### SUPPLIED MATERIAL

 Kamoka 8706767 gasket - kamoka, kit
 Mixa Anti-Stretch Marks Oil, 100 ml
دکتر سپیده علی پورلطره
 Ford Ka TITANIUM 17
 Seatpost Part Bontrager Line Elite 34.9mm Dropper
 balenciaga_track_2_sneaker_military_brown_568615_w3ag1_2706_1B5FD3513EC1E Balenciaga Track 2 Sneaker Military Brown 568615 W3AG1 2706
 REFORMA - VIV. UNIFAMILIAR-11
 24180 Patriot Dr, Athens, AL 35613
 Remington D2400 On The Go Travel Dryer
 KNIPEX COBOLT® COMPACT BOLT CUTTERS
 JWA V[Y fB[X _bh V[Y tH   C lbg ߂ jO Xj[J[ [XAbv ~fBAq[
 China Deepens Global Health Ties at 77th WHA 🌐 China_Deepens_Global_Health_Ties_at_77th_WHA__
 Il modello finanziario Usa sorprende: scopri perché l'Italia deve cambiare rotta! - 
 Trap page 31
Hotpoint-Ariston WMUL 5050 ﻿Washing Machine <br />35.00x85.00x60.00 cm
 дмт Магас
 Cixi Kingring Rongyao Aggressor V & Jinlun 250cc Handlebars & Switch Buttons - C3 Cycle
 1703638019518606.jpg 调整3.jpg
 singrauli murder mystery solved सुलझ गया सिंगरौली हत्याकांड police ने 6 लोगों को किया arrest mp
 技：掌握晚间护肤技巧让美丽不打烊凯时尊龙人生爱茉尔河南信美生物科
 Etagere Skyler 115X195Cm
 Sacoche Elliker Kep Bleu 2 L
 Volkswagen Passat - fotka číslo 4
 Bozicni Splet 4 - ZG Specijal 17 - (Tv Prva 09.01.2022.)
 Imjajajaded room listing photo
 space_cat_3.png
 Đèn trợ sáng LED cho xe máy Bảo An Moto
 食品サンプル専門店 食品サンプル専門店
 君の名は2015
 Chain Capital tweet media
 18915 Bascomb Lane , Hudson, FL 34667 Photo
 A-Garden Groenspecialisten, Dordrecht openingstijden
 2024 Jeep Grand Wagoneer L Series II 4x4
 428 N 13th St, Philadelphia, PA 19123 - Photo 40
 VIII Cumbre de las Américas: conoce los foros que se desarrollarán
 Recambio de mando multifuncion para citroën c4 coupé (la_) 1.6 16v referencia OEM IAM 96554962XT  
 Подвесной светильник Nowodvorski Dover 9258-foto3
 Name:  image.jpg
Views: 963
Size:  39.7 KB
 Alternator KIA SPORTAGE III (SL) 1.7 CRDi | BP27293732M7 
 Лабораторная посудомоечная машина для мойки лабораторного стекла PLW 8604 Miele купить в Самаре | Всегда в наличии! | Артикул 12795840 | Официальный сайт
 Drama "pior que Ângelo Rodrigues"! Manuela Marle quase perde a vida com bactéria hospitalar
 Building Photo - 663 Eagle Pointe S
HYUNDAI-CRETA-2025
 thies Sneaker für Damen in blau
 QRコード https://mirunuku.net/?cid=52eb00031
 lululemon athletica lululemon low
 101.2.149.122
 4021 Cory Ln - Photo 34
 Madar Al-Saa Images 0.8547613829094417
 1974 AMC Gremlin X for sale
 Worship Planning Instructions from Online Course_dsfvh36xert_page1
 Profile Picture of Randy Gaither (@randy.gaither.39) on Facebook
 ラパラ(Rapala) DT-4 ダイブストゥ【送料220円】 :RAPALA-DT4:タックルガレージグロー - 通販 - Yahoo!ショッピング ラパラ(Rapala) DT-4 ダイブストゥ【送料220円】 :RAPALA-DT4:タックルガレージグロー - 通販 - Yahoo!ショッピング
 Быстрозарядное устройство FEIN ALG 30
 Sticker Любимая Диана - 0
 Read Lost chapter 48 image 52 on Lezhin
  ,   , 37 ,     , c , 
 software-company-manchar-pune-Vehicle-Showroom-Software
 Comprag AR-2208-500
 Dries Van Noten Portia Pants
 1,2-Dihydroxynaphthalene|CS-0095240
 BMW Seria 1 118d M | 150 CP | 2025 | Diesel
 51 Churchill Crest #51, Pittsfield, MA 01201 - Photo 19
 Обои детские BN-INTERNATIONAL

######

■ **WHAT YOU SHOULD DO**
Copy out the entries above exactly as given, starting at the top and ending with the line containing "REFORMA - VIV. UNIFAMILIAR-11"; include both and nothing more.

■ **FINISHED EXERCISE**
 Kamoka 8706767 gasket - kamoka, kit
 Mixa Anti-Stretch Marks Oil, 100 ml
دکتر سپیده علی پورلطره
 Ford Ka TITANIUM 17
 Seatpost Part Bontrager Line Elite 34.9mm Dropper
 balenciaga_track_2_sneaker_military_brown_568615_w3ag1_2706_1B5FD3513EC1E Balenciaga Track 2 Sneaker Military Brown 568615 W3AG1 2706
 REFORMA - VIV. UNIFAMILIAR-11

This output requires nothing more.